La rivalité qui oppose les opérateurs hexagonaux s’exprime on ne peut plus régulièrement dans la presse, à coup de petites phrases bien senties et de répliques assassines. Entre « andouilles » chez les uns et « pigeons » chez les autres, Free Mobile, dont l’image peine encore à égaler celle de ses concurrents, répond publiquement aux doutes exprimés à son sujet.

Free Mobile

Interviewé dans Les Echos, Maxime Lombardini, le Directeur Général de Free Mobile, membre du groupe Iliad présidé par Xavier Niel, revient sur les modalités du déploiement de Free Mobile. Et notamment sur le cas de Bouygues Telecom, dont Free avait tenté plus tôt en 2013 de se rapprocher de la même manière que de SFR, les deux opérateurs mijotant une mutualisation de leurs réseaux. Orange s’était ouvertement opposé à une alliance avec le quatrième opérateur, et avait mis en doute les pratiques de son compétiteur.

Actuellement, Free Mobile fait face à deux enjeux : à la fois assurer une couverture 3G importante, pour une couverture de 75 % de la population à l’horizon 2015, mais aussi parvenir à proposer une couverture 4G digne de ce nom, sans le concours d’un quelconque partenaire. Et pour l’accroissement de sa couverture 3G, Bouygues Telecom est supposé faciliter la tâche à son confrère. Dans la lettre en date du 6 janvier dernier et publiée en milieu de mois par Les Echos, Lombardini assure « que Bouygues Telecom aurait proposé à Free Mobile 6700 sites, immédiatement et facilement accessibles dès 2010 (…). Ce que [leur] courrier omet de mentionner, c’est que Bouygues Telecom n’est absolument pas propriétaire des 6700 sites transmis : [il a] vendu une partie de [ses] pylônes à TDF, puis le parc résiduel à FPS, et [il n’est]quasiment jamais propriétaire des toits terrasses en zone urbaine« . Plus qu’une concurrence à la loyale, Free Mobile, dans ladite lettre, évoquait dans cette lettre une histoire de bâtons dans les roues en rapport avec l’époque où, dès le début 2010, les trois opérateurs français devaient offrir un accès à leurs points hauts à Free afin de l’y laisser implanter des antennes.

Opération couverture

La missive de Free Mobile à Bouygues Telecom est l’occasion pour le quatrième opérateur de s’exprimer publiquement sur sa couverture réseau, celle-là même que ses détracteurs mettent régulièrement en cause. Reprenant la plupart des termes de sa lettre, Maxime Lombardini se veut rassurant :  « Oui, nous allons respecter nos obligations de couverture et l’ARCEP nous suit de près« . Et d’ajouter que « le chiffre de 4500 [stations de base 3G] est cohérent avec les déploiements observés chez nos concurrents. Bouygues Telecom couvre en effet 98 % de la population en 3G avec seulement 10500 points hauts ; or c’est le dernier quart de la population qui nécessite le plus d’antennes…« .
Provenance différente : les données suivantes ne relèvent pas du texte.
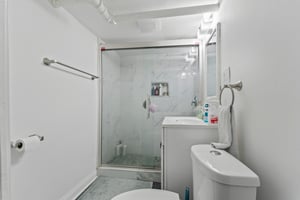 30945438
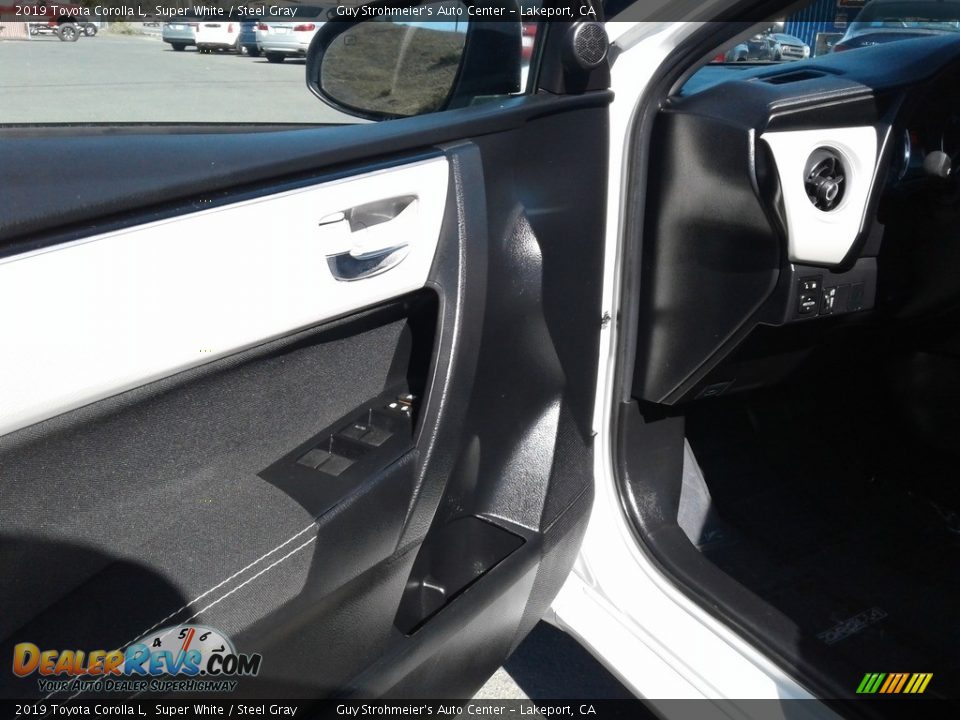 2019 Toyota Corolla L Super White / Steel Gray Photo #9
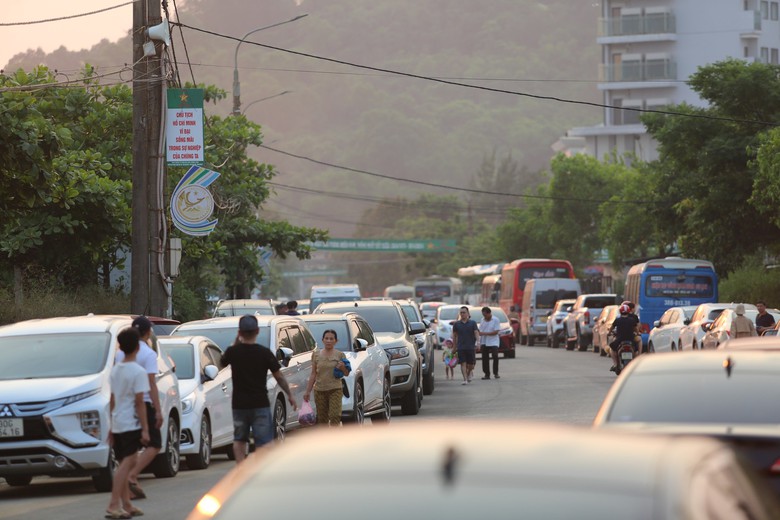 Nắng như đổ lửa, h&agrave;ng vạn người t&igrave;m về b&atilde;i biển đẹp nhất H&agrave; Tĩnh giải nhiệt- Ảnh 8.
Avec actuellement 2500 (ou plutôt 2518 selon l’Agence Nationale des Fréquences) supports 3G déployés à ce jour, Free Mobile assurait en début de mois couvrir environ 60 % de la population en 3G. Malgré l’inquiétude que suscite chez lui la mutualisation des réseaux  dans la mesure où elle peut « déséquilibrer le marché si elle laisse un acteur de côté« , la 4G de Free continue son chemin : l’ANFR, au 1er janvier 2014, compte 824 antennes 4G actives chez l’opérateur sur les fréquences 2600 MHz, contre 5523 chez Bouygues Telecom, 1294 chez SFR et 4244 chez Orange.